Ein Beispiel dieses Tempelbaus ist die Maison Carée, was soviel wie viereckiges Haus bedeutet. Dieser
Tempel steht in Nimes in Südfrankreich und wurde in korinthischer Ordnung gebaut.
Neben der Form des Podiumstempels wurden auch Rundtempel errichtet. Diese Tempelform besitzt eine zylindrische
Cella, um die frei stehende Säulen angeordnet sind. Der Rundtempel der Sybilla in Tivoli ist ein Beispiel für
diese Bauform.
Im Inneren erfuhr der römische Tempel eine wesentlich Änderung gegenüber dem griechischen. Die Cella wurde
seitlich in Nischen aufgeteilt und das Kultbild stand in einer großen Nische an der Rückwand des Tempels,
was das Kultbild zu einem Teil der Architektur machte.
Das Pantheon in Rom ist der am besten erhaltene Hauptbau des alten Rom und eines der bedeutendsten Bauwerke
der Architekturgeschichte überhaupt. Es war in der Antike allen Göttern geweiht. Kaiser Hadrian ließ das Pantheon
von 120 - 126 n Chr. auf dem Marsfeld errichten. Von außen wirkt es einfach, nüchtern und schmucklos. Früher waren
die 6 Meter dicken Mauern mit Marmor und Stuck verkleidet. Heute stellen Gesimsbänder den einzigen Schmuck dar.
Die Eingangsseite ist mit einem Säulenportal aus 16 Säulen versehen.
Das Innere des Tempels ist ein Kuppelraum mit ganz einfachen Maßverhältnissen. Der Unterbau ist ein Zylinder mit
43,5 Metern Durchmesser, der acht Stützpfeiler verbirgt. Er wird durch sieben Nischen mit je zwei korinthischen
Säulen aufgelockert. Durch den Goldenen Schnitt läßt sich dieser Unterbau genau in zwei Hälften teilen.
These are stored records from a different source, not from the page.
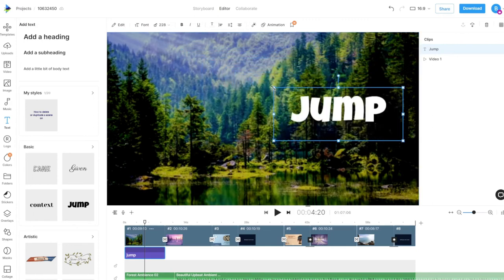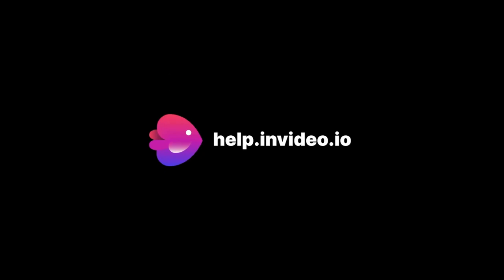If you want to learn more about making the most of InVideo or have any other questions, check out our page at help.invideo.io.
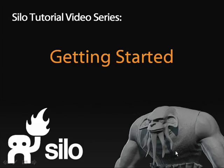Welcome to Silo. Silo is a 3D modeling program. If you're new to 3D or maybe just to Silo, you'll need to know a few things to make your way around. We'll cover viewing, selecting, and manipulating objects in this initial video.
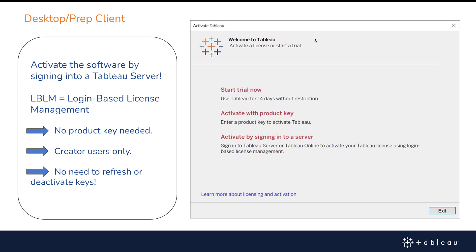In addition, there is a great new report available to server and online administrators that lists who's using Tableau Desktop and Tableau Prep, and how often. There's no longer any need to refresh or deactivate product keys. One of the things that used to concern everyone was if the user left the company — how can I ensure that they no longer use Tableau Desktop? Now you can simply remove or unlicense that user, and that will stop the ability to use Desktop and Prep.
Auf
diesen Mauerzylinder ist eine Kuppel aufgesetzt, so daß der Raum auch eine Höhe von 43,5 Metern besitzt.
Die Kuppel besitzt eine Kassettendecke und eine Öffnung mit neun Metern Durchmesser in der Mitte, die das
Innere beleuchtet. Es befinden sich jeweils 5 Kassetten übereinander, die sich nach oben hin verkleinern.
Im frühen 7. Jahrhundert wurde das Pantheon zur christlichen Kirche Santa Maria ad Martyres geweiht,
dem es seinen Fortbestand verdankt.
Triumphbögen
Zu den wichtigsten Bauten mit propagandistischer und rein dekorativer Funktion
gehört der Ehren- oder Triumphbogen (Arcus triumphalis), der überall im Reich zunächst von Feldherren,
später vom Senat und während des Prinzipats von den Kaisern selbst errichtet wurde, um einen militärischen Sieg zu
feiern. Er war als einfacher Torbau mit einem oder drei Durchgängen gestaltet und häufig von Ehrenmälern in Form
größerer Skulpturengruppen gekrönt, die den Geehrten mit seinem Gespann darstellten.
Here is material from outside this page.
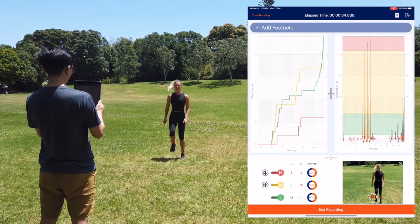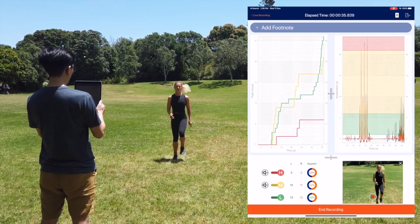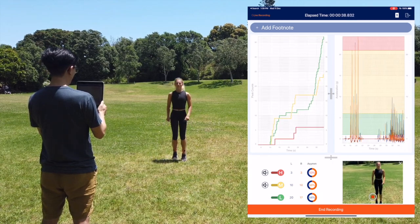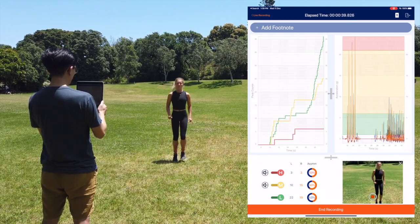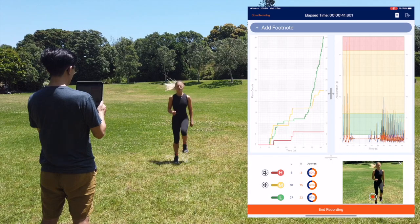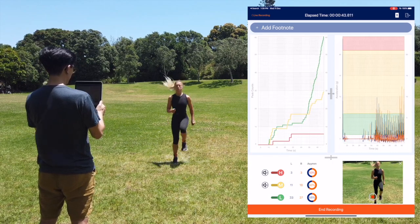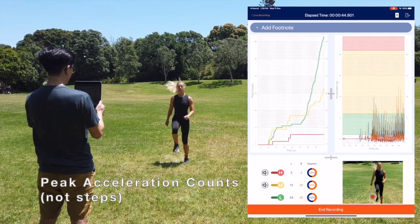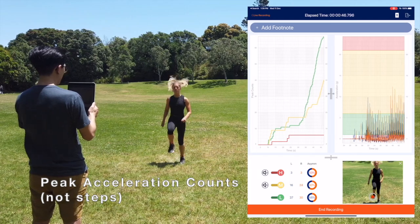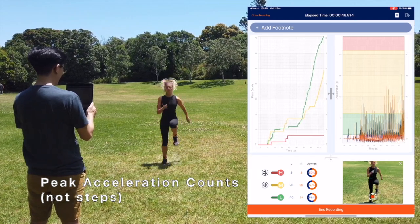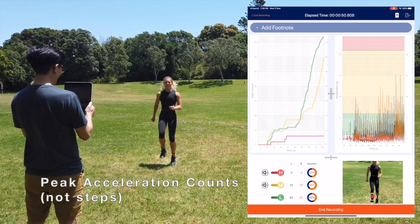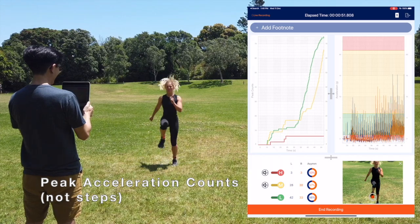These peaks are counted in the graph on the left hand side over the duration of your live recording, and these counts are displayed for each leg in the bottom left corner of your screen. It's important to note that these are not step counts, but simply peak acceleration counts, which may occur from any action, e.g. a toe-off during a counter-movement jump.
Erst in der römischen Kaiserzeit
erfuhren sie eine aufwendigere Gestaltung und wurden mit schmückenden Relieftafeln versehen, die den Anlass der
Ehrung zuweilen in allegorischer Form darstellten.
Einer der am besten erhaltenen römischen Triumphbögen, zu deren Verzierung in der Regel Säulen der
korinthischen oder der Kompositordnung verwendet wurden, ist der Titusbogen (um 81 n. Chr.) auf dem Forum Romanum
und der Konstantinsbogen (315 n. Chr.) in der Nähe des Kolosseums. Auch außerhalb Roms wurden geschmückte Triumphbögen
errichtet, wie der Bogen mit 14 Tafeln zu Ehren Trajans in Benevento (Süditalien, um 114 n. Chr.) oder der
Tiberiusbogen (25 v. Chr.) in Orange.